**Task:** Only the lines from the start of the data to the line containing "A busy audience", both included, should be output, exactly and without pictures.

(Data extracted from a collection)

━━━━━━━━━━

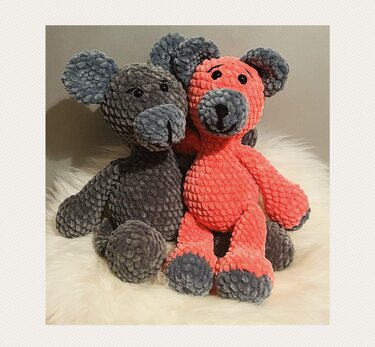 Zwei gehäkelte Amigurumi-Teddys aus samtigem Plüschgarn, einer grau, einer korallenrot mit grauen Ohren und Pfoten, sitzend auf weißem Fell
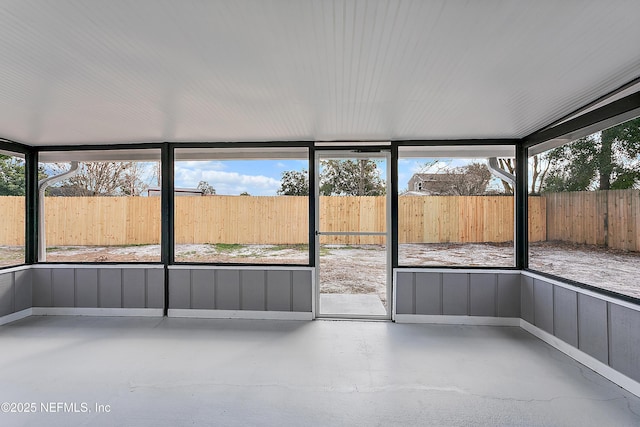 unfurnished sunroom with plenty of natural light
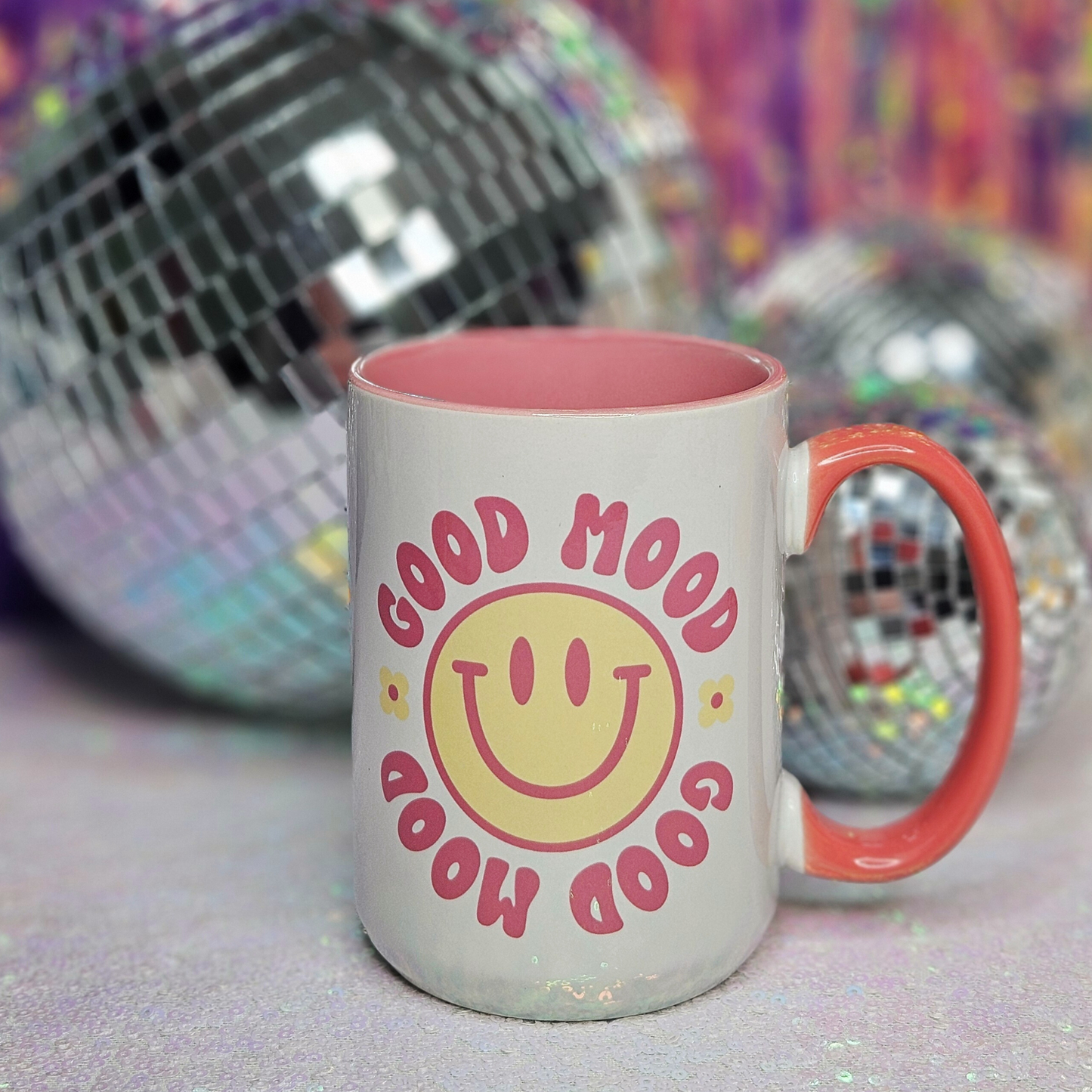 white 15oz mug "Good Mood" in pink text, yellow smiley face with pink trim, and yellow daisies, pink inside trim and pink handle 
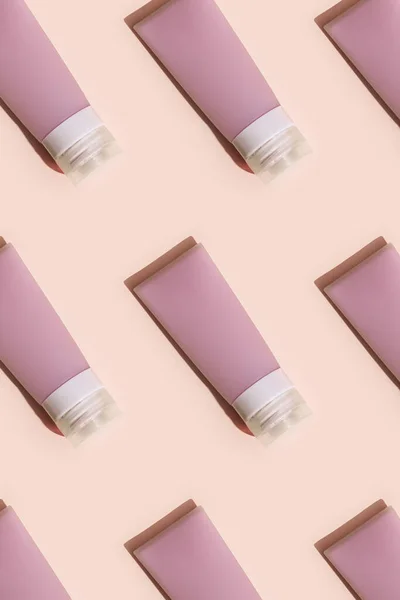 Pattern with Cosmetic tube for cream, gel, lotion. Beauty product package, mock up plastic container with hard shadows on pink colored background, monochrome image.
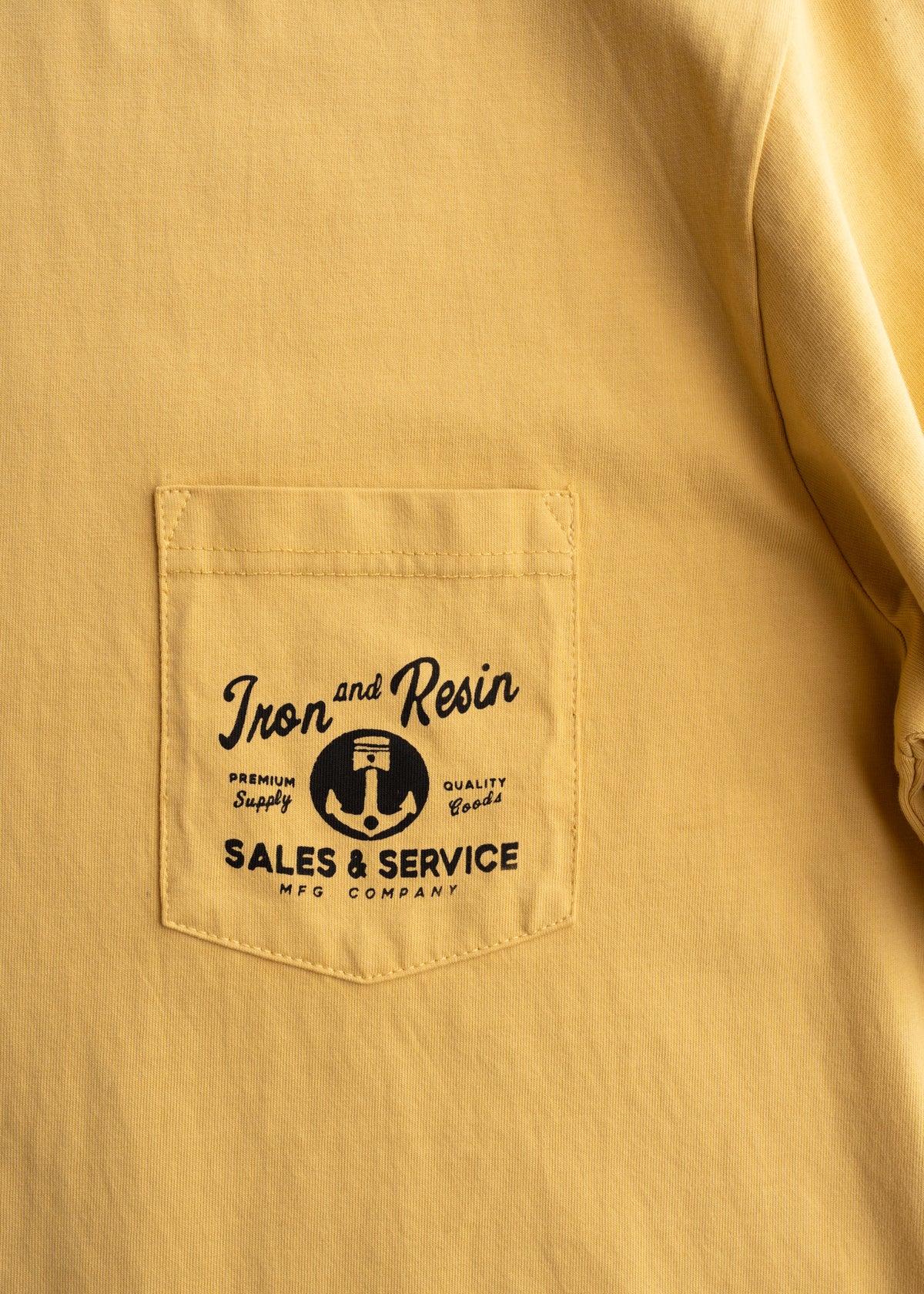 Close-up of Old Cowboy Pocket Black Tee showing Yellow work shirt with chest pocket featuring black anchor graphic and "Iron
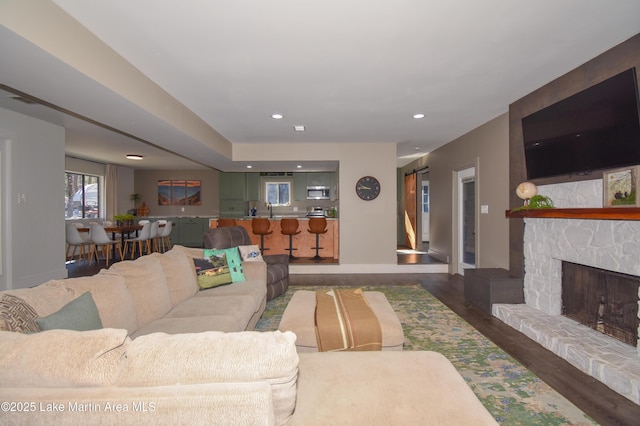 living area featuring a stone fireplace, recessed lighting, wood finished floors, and baseboards
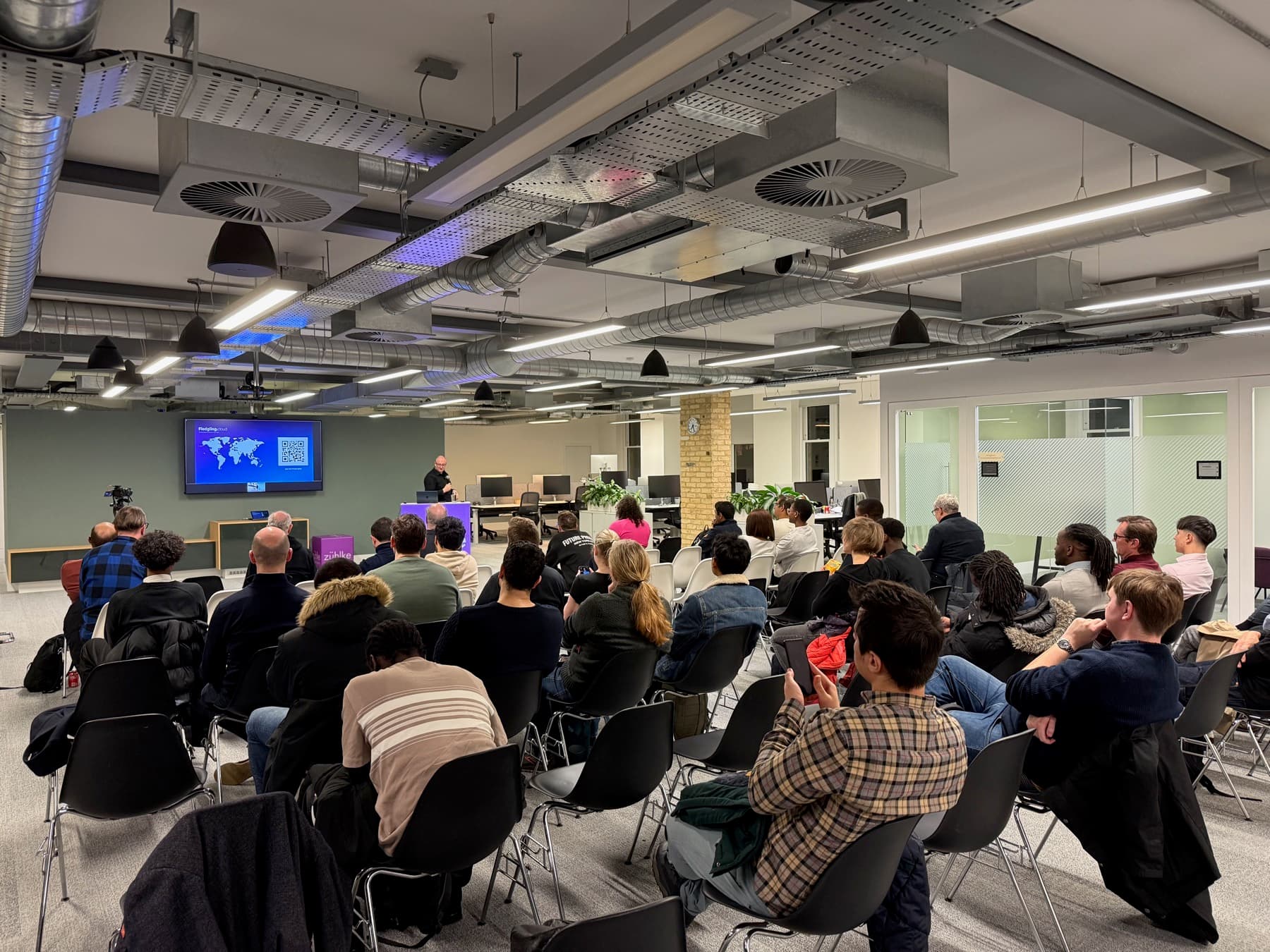 A busy audience during a talk in a large open-plan space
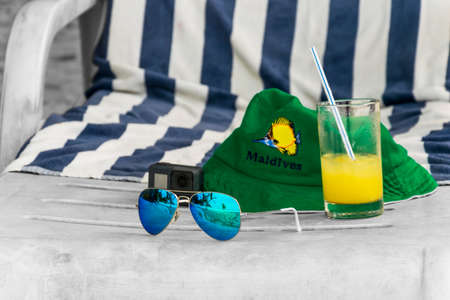 Summer holiday abstract with a green hat, blue sunglases and orange juice lying on a black-white beach chair, just like dreaming of a summer holiday.の写真素材
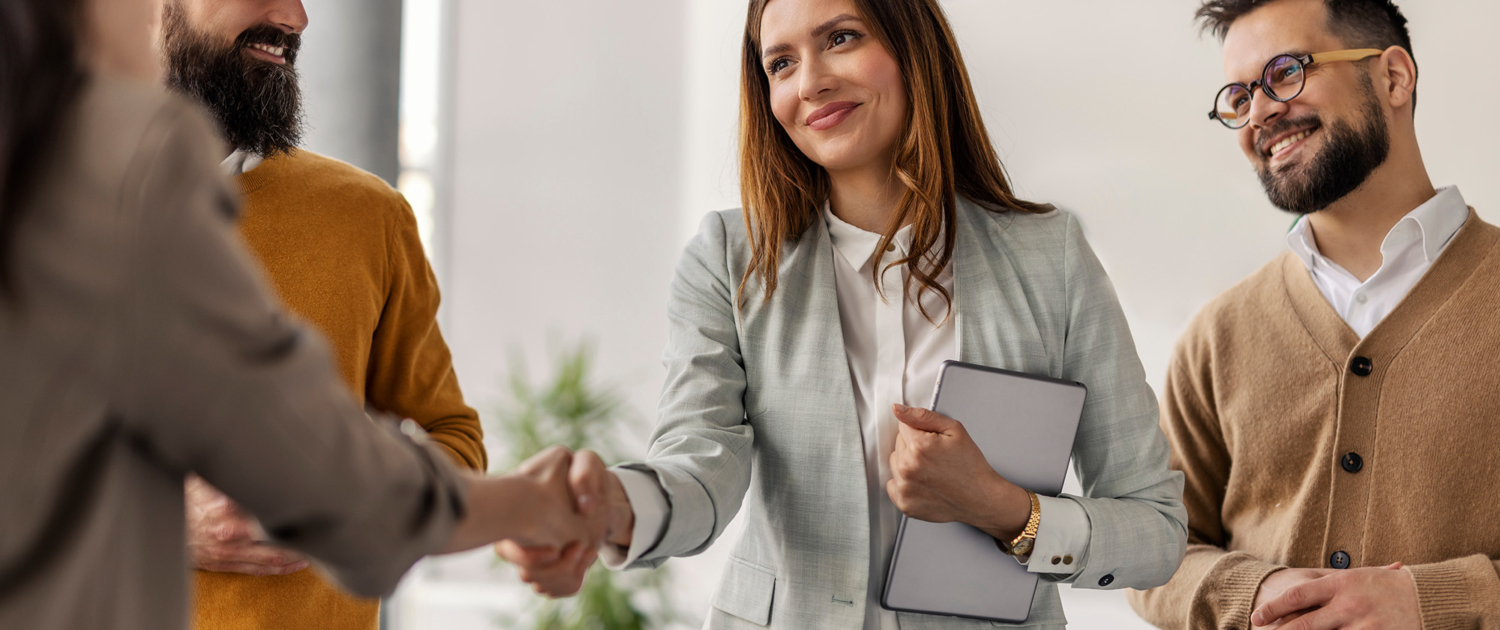 Female Chief Shaking Hands With Business Partner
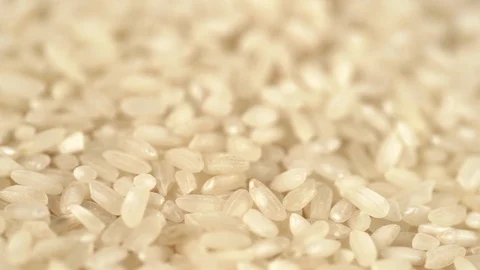 Closeup view video of white uncooked rice rotating Stock Footage 125621676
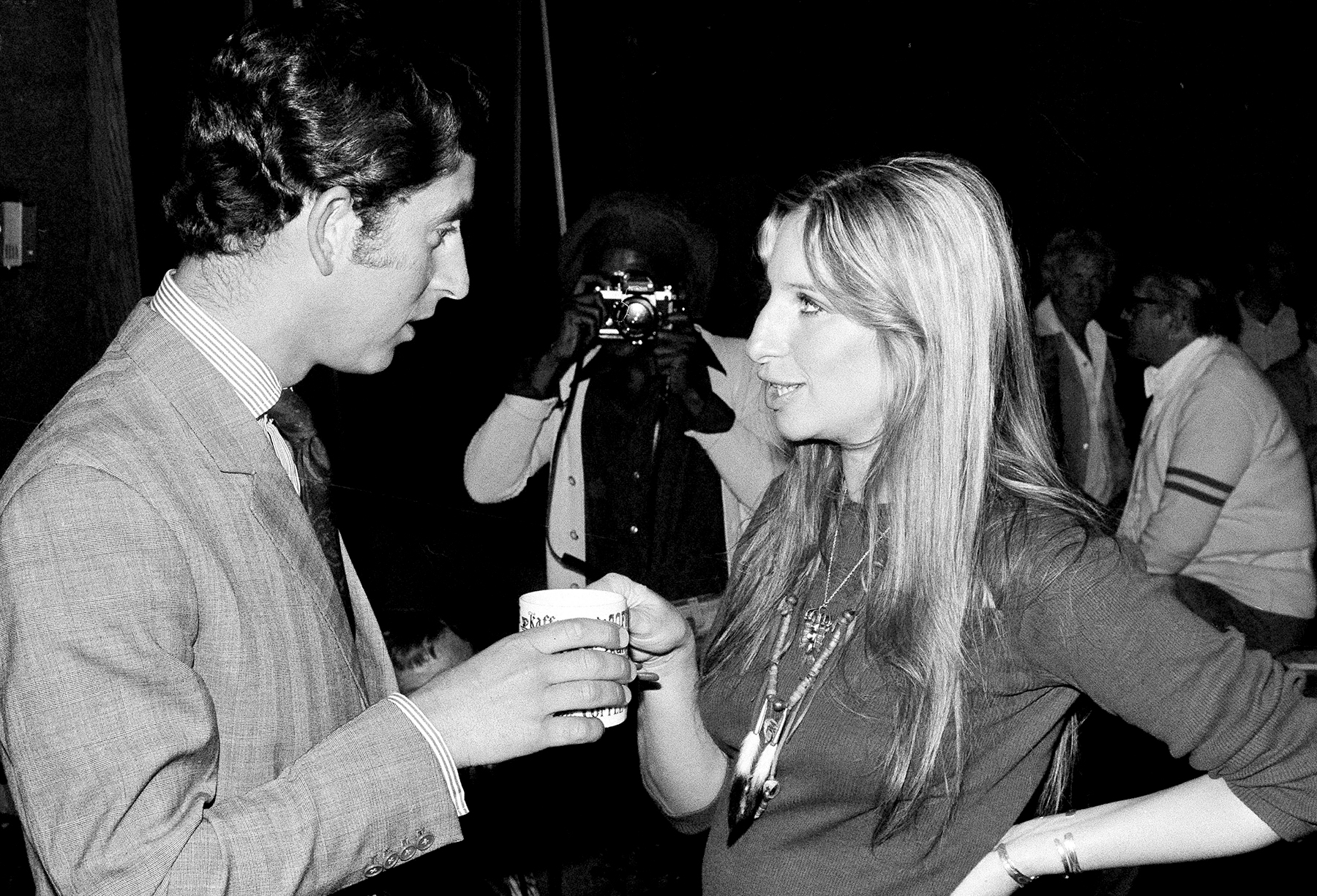 Barbra Streisand offers a cup of coffee to Prince Charles of Great Britain as they chat on a set at Warner Bros. studio in Los Angeles, CA, March. 19, 1974.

━━━━━━━━━━

**Exercise output:**
 Zwei gehäkelte Amigurumi-Teddys aus samtigem Plüschgarn, einer grau, einer korallenrot mit grauen Ohren und Pfoten, sitzend auf weißem Fell
 unfurnished sunroom with plenty of natural light
 white 15oz mug "Good Mood" in pink text, yellow smiley face with pink trim, and yellow daisies, pink inside trim and pink handle 
 Pattern with Cosmetic tube for cream, gel, lotion. Beauty product package, mock up plastic container with hard shadows on pink colored background, monochrome image.
 Close-up of Old Cowboy Pocket Black Tee showing Yellow work shirt with chest pocket featuring black anchor graphic and "Iron
 living area featuring a stone fireplace, recessed lighting, wood finished floors, and baseboards
 A busy audience during a talk in a large open-plan space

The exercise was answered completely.